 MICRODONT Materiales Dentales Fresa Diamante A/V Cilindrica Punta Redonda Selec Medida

########################################

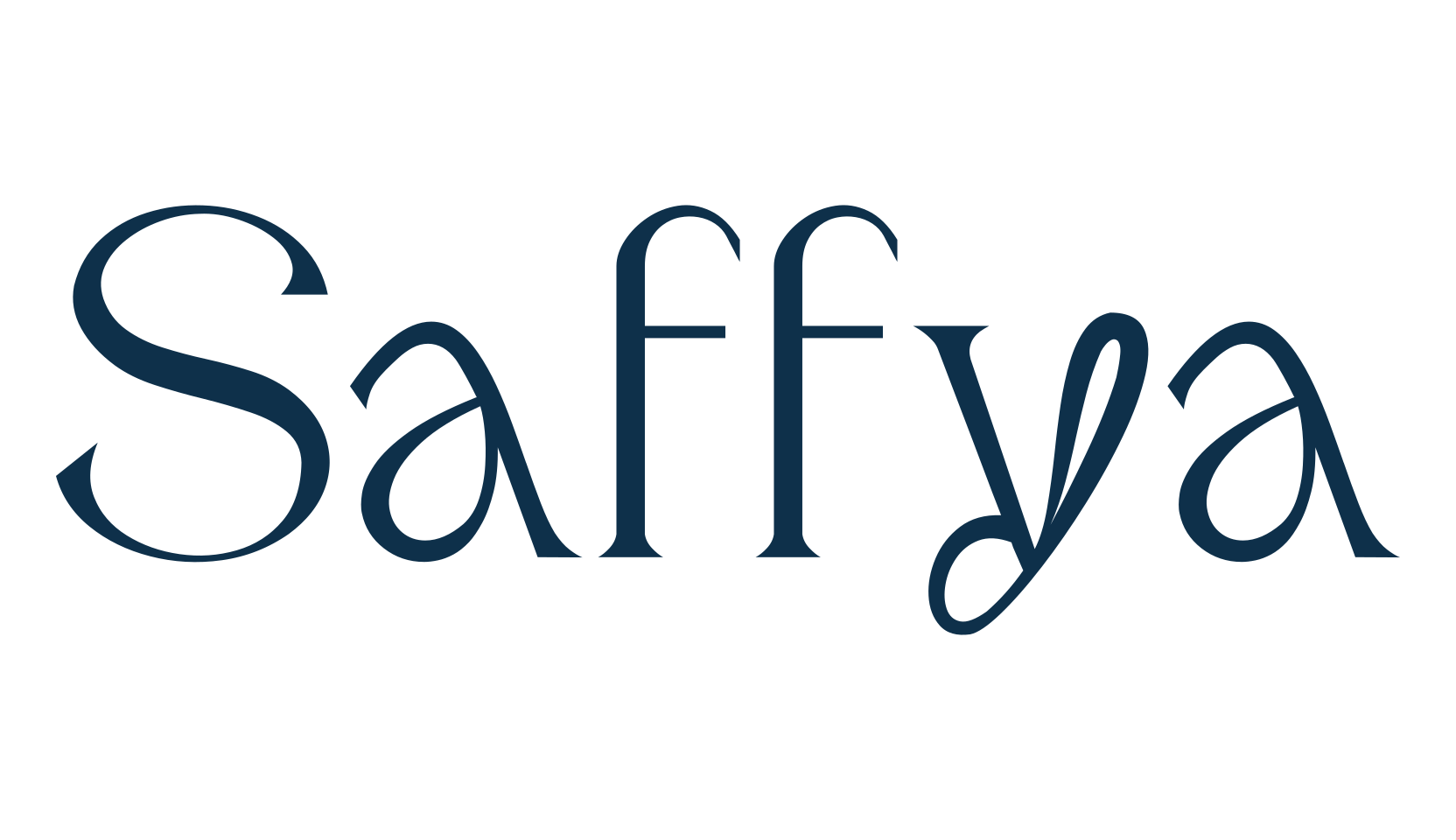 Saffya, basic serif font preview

########################################

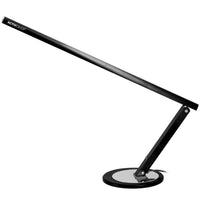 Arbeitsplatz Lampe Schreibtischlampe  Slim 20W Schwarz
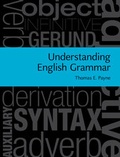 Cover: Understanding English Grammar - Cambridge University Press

########################################

_TO DO_
Above are the records; return the lines in them from the one with "Arbeitsplatz Lampe Schreibtischlampe" to the one with "Cover: Understanding English", inclusive, exactly and without images.

_WRITTEN SOLUTION_
 Arbeitsplatz Lampe Schreibtischlampe  Slim 20W Schwarz
 Cover: Understanding English Grammar - Cambridge University Press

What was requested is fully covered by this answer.